>>

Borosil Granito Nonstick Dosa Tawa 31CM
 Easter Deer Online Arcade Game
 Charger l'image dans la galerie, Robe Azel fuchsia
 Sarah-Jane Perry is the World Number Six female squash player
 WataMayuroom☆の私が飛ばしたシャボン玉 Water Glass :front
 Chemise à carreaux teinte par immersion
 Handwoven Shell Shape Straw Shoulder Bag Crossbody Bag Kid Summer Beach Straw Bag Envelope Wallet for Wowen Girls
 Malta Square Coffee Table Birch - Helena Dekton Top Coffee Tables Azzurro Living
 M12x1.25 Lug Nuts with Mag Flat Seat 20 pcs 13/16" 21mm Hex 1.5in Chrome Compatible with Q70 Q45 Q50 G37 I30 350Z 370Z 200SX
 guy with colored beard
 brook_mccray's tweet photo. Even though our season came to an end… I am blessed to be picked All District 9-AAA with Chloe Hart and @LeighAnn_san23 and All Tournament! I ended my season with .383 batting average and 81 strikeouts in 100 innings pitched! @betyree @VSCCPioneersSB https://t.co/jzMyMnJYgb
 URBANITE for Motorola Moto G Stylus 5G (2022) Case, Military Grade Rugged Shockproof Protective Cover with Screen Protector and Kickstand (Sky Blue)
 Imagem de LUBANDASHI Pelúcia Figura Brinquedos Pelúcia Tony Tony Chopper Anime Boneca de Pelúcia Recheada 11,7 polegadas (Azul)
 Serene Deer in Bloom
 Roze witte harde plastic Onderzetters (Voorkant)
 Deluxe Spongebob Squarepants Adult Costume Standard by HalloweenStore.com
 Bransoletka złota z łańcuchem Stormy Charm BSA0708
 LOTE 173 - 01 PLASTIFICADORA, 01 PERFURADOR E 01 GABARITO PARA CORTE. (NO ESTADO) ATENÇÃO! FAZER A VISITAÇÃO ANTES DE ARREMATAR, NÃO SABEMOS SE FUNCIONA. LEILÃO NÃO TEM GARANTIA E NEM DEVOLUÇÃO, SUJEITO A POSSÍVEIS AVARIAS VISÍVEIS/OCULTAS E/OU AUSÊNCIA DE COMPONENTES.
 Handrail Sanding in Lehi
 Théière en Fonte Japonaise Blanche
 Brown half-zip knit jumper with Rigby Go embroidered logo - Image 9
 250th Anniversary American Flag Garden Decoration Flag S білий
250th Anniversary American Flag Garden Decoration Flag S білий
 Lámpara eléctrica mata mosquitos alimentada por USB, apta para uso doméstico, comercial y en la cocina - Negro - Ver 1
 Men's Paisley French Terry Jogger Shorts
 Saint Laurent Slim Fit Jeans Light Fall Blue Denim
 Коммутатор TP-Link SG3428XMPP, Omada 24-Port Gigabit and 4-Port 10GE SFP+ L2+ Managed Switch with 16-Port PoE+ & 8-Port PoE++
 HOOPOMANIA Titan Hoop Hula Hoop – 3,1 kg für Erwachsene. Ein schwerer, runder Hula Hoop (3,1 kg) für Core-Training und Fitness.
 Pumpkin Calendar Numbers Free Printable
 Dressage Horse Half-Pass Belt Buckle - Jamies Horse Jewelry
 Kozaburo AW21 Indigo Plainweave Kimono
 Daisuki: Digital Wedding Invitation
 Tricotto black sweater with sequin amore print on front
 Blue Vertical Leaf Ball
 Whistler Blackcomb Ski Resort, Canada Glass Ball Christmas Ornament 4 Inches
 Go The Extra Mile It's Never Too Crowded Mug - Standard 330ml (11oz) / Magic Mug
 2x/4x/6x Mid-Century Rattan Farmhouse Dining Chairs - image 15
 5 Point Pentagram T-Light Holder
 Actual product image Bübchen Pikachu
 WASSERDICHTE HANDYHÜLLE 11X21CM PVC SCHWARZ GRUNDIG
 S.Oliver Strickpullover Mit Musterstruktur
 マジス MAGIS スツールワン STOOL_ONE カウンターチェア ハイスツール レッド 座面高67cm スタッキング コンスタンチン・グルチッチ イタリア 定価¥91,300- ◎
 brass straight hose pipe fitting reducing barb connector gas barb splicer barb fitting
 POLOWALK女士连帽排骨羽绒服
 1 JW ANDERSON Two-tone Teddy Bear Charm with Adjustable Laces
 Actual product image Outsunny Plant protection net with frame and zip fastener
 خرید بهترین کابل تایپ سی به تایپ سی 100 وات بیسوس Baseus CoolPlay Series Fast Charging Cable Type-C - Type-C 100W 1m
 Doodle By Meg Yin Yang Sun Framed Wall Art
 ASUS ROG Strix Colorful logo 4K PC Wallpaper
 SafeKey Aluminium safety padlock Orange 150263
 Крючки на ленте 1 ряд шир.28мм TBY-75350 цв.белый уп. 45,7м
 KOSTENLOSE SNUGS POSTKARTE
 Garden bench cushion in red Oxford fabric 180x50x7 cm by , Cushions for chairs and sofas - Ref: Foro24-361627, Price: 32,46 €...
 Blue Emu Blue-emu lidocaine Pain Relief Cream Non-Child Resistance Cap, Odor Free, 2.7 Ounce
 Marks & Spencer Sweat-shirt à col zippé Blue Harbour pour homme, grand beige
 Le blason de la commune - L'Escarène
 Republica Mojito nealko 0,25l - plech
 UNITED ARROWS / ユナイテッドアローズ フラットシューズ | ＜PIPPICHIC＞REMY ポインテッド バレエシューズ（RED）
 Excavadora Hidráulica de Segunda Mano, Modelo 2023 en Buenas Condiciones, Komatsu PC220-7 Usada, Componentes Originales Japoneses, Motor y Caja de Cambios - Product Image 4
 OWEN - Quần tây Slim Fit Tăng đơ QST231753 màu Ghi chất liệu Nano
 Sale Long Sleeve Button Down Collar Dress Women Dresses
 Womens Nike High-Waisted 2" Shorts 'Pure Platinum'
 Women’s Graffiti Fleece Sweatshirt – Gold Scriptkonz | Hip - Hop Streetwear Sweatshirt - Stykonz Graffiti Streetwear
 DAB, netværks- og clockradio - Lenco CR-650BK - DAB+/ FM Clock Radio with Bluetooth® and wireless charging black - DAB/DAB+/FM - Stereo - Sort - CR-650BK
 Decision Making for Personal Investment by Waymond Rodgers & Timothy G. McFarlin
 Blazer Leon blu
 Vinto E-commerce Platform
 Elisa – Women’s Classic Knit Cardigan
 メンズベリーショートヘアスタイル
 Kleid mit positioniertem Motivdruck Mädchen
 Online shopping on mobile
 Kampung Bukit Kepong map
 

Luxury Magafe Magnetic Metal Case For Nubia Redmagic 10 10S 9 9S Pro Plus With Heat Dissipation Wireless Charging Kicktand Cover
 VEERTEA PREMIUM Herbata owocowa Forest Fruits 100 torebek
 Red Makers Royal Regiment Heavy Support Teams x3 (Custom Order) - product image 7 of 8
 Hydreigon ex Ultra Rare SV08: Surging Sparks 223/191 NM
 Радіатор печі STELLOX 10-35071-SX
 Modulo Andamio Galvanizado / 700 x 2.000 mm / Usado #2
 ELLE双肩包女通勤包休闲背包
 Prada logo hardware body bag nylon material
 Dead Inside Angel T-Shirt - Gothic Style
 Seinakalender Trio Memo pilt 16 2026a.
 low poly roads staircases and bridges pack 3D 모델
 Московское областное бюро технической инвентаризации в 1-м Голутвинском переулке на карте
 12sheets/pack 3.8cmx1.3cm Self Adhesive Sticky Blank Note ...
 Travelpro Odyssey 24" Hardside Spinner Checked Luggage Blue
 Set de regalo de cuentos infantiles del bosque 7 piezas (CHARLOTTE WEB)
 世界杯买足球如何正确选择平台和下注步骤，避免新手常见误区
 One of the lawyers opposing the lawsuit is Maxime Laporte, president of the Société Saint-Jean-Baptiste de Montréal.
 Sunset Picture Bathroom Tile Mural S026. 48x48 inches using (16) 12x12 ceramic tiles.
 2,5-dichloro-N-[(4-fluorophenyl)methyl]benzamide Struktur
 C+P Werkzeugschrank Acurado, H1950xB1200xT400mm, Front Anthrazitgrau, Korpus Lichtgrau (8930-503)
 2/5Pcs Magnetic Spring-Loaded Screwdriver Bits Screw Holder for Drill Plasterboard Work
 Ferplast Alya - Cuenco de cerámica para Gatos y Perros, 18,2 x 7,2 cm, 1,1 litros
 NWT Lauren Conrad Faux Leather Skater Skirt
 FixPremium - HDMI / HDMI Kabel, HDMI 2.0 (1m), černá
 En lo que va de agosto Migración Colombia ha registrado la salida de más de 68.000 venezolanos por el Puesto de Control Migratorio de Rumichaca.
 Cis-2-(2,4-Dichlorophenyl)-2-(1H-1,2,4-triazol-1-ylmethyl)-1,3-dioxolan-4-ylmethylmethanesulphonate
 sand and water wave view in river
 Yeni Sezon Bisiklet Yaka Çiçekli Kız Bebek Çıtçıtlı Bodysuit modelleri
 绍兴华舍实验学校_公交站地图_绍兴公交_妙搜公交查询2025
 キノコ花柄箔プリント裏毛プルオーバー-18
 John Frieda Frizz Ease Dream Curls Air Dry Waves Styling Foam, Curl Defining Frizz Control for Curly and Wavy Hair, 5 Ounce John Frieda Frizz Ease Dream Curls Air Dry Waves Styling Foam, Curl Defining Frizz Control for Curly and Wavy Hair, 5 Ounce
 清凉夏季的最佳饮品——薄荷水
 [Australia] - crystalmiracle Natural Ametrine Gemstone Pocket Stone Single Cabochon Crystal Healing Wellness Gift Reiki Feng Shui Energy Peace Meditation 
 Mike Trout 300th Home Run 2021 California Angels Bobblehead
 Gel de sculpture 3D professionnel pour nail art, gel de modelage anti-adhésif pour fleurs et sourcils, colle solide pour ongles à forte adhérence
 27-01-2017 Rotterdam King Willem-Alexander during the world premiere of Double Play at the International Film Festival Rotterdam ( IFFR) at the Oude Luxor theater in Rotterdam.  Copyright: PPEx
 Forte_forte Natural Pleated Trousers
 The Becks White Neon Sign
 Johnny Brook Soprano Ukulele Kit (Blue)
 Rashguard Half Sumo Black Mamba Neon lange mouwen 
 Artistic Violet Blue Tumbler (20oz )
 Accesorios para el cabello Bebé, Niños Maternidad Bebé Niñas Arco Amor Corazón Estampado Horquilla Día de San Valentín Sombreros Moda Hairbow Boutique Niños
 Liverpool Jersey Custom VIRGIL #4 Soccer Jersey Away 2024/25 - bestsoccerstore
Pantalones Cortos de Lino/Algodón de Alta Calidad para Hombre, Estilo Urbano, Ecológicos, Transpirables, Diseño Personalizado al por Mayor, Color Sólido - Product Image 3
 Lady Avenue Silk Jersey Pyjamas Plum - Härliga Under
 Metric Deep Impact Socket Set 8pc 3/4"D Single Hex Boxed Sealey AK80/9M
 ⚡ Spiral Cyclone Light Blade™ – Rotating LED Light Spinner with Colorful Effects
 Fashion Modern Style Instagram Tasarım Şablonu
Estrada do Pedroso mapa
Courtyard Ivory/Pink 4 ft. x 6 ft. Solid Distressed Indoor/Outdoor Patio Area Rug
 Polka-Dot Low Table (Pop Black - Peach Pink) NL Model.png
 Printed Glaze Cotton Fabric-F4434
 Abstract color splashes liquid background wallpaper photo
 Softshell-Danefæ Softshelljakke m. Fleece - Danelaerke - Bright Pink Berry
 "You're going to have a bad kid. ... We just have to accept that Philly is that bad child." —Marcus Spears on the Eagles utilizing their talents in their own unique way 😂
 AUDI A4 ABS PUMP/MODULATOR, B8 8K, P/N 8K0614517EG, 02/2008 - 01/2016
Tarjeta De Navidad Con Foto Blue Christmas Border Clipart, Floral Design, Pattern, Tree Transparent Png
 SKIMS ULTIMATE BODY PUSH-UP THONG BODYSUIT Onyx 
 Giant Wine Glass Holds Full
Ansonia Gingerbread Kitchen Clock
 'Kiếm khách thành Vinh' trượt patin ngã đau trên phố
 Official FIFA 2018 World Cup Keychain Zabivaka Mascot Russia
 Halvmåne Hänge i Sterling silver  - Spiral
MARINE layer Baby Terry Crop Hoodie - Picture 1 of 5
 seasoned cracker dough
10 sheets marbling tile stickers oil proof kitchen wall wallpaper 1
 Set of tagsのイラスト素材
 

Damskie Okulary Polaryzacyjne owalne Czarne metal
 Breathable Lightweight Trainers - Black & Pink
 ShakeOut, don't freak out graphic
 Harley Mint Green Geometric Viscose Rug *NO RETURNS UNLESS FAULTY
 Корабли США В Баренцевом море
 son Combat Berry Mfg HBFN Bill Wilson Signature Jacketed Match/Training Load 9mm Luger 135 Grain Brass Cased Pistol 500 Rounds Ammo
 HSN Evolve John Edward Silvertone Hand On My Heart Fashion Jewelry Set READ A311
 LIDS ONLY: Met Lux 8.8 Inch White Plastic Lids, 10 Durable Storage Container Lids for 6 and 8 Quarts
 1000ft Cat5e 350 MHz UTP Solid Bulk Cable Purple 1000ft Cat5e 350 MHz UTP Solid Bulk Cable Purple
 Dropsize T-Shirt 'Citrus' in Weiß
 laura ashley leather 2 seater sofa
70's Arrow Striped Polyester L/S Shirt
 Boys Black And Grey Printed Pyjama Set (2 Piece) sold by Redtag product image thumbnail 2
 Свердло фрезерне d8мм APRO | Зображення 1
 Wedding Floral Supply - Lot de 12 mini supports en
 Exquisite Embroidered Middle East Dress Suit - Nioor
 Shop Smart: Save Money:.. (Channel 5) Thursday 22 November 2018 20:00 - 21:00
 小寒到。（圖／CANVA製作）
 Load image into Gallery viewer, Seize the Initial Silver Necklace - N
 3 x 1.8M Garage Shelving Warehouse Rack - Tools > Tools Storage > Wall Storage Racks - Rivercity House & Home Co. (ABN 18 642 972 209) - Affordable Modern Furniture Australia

<<

■ Work to complete: Keep to the lines above, from the first one through the line where "guy with colored beard" appears, and copy them exactly.

■ Answer box:
Borosil Granito Nonstick Dosa Tawa 31CM
 Easter Deer Online Arcade Game
 Charger l'image dans la galerie, Robe Azel fuchsia
 Sarah-Jane Perry is the World Number Six female squash player
 WataMayuroom☆の私が飛ばしたシャボン玉 Water Glass :front
 Chemise à carreaux teinte par immersion
 Handwoven Shell Shape Straw Shoulder Bag Crossbody Bag Kid Summer Beach Straw Bag Envelope Wallet for Wowen Girls
 Malta Square Coffee Table Birch - Helena Dekton Top Coffee Tables Azzurro Living
 M12x1.25 Lug Nuts with Mag Flat Seat 20 pcs 13/16" 21mm Hex 1.5in Chrome Compatible with Q70 Q45 Q50 G37 I30 350Z 370Z 200SX
 guy with colored beard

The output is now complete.